[Help] sudo failed just after install google-authenticator-libpam and modify /etc/pam.d/sshd

[iapyeh]

I read from someone's article, roughly speaking, there are 4 steps for installation:

1. sudo apt-get install libpam-google-authenticator
2. sudo vim /etc/pam.d/sshd to add: auth required pam_google_authenticator.so
3. sudo vim /etc/ssh/sshd_config # no -> yes ChallengeResponseAuthentication yes
4. sudo /etc/init.d/ssh restart

I have completed step1 and 2. Then, I can not move to step3. Because I am not able to "sudo" any more. All sudoers on system are all failed to sudo. I am sure all passwords are correct. I have no idea where it goes wrong.

I am appreciating your kindly suggestions.

[ThomasHabets]

If step 2 affected your ability to sudo, then either you didn't edit /etc/pam.d/sshd (maybe common-auth?), or something is seriously wrong with your PAM config unrelated to this PAM module.

Too late now, but for the future: While editing PAM configs, always keep a root shell open as a fallback.

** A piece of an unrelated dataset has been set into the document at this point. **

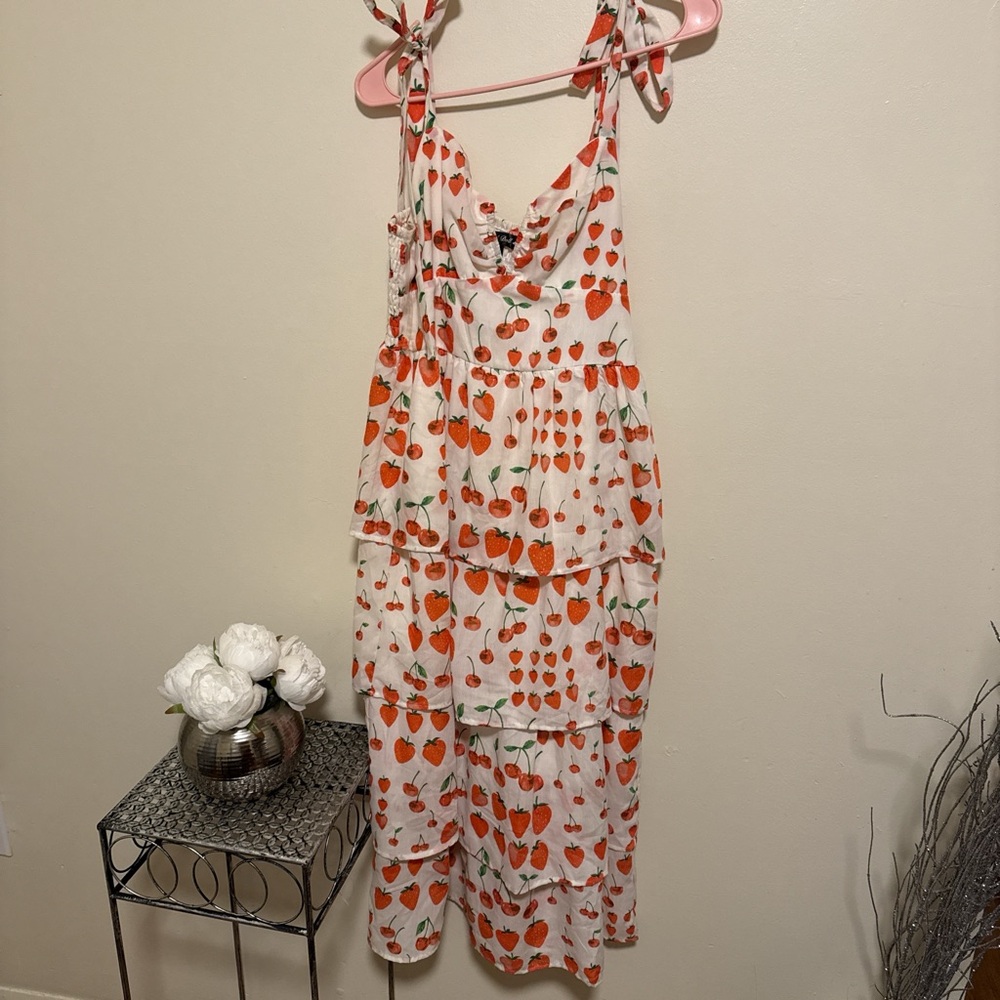 White Tiered Strawberry Print Maxi Dress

If you have the root password maybe you can run su. If not, then regaining root is more of a Linux support question than about this PAM module.

[iapyeh]

I am lucky, that I solved this problem by:

1. a user A can login with ssh-key.
2. A login and runs the google-authenticator binary, then scans the QRcode with the Google Authenticator app to add new item to app.
3. A calls "sudo ls" and gives the verification code. Like a charm, it works.
4. A runs vi /etc/pam.d/sshd, adding "nullok" to let it be "auth required pam_google_authenticator.so nullok".

Well, what I learned is that, on my server (OS:Debian GNU/Linux 10 (buster)). This command: "sudo apt-get install libpam-google-authenticator" simply enables this feature in one step.

[ThomasHabets]

Uh, that doesn't sound right. I run Debian and I've never encountered this. Can you grep /etc/pam.d/* for google?